Reference: Alabama Department of Archives & History. Custodian of the original pictures. Confederate Officers photo album. http://www.archives.alabama.gov/conoffalb/index.html
James Ronald Chalmers was born in Halifax County, Virginia, January 11, 1831, and was graduated from South Carolina College at the age of twenty. Taking up the practice of law in Holly Springs, Mississippi, he served as district attorney and was a member of the secession convention which took Mississippi out of the Union in 1861. He was appointed colonel of the 9th Mississippi Infantry and commanded at Pensacola, Florida, for a time. He was promoted brigadier general on February 13, 1862, and fought at Shiloh in the division of General Withers.

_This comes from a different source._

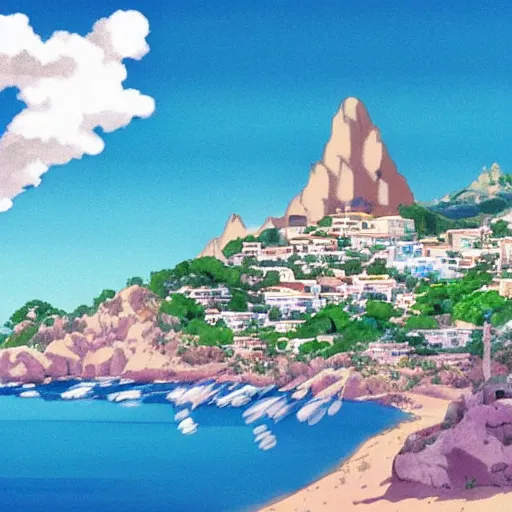 Image similar to beautiful anime Costa Blanca by Studio ghibli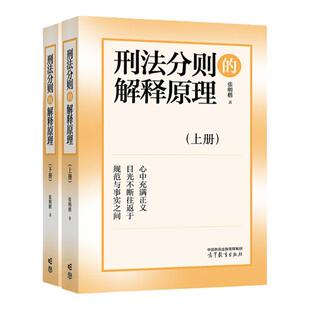 正版 刑法分则的解释原理 上下册 张明楷 高等教育出版社 刑法解释方法 刑法分则与总则 刑法分则规范含义 刑法学教材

He led his brigade in the invasion of Kentucky under General Bragg and at the battle of Murfreesboro, after which he was transferred to the cavalry. Commanding the District of Mississippi and East Louisiana in 1863, he was given a division under General Forrest the following year, which took a brilliant part in the subsequent operations in North Mississippi, Kentucky, and West Tennessee, including Hood's 1864 campaign. After the surrender General Chalmers became prominent in the Reconstruction politics of Mississippi. He represented his adopted state three times in Congress, and was an unsuccessful candidate on three other occasions. Each time the returns were contested either by Chalmers or by his opponent. In 1888 he retired and moved to Memphis, Tennessee, where he practiced law until his death, April 9, 1898. Distinctly an individualist, his relations with Forrest were not always completely harmonious, although his ability and gallantry were unquestioned. General Chalmers is buried in Memphis.
Ref: Generals in Gray, Lives of the Confederate Commanders by Ezra J. Warner. Printed by Louisiana State University Press, Baton Rouge and London.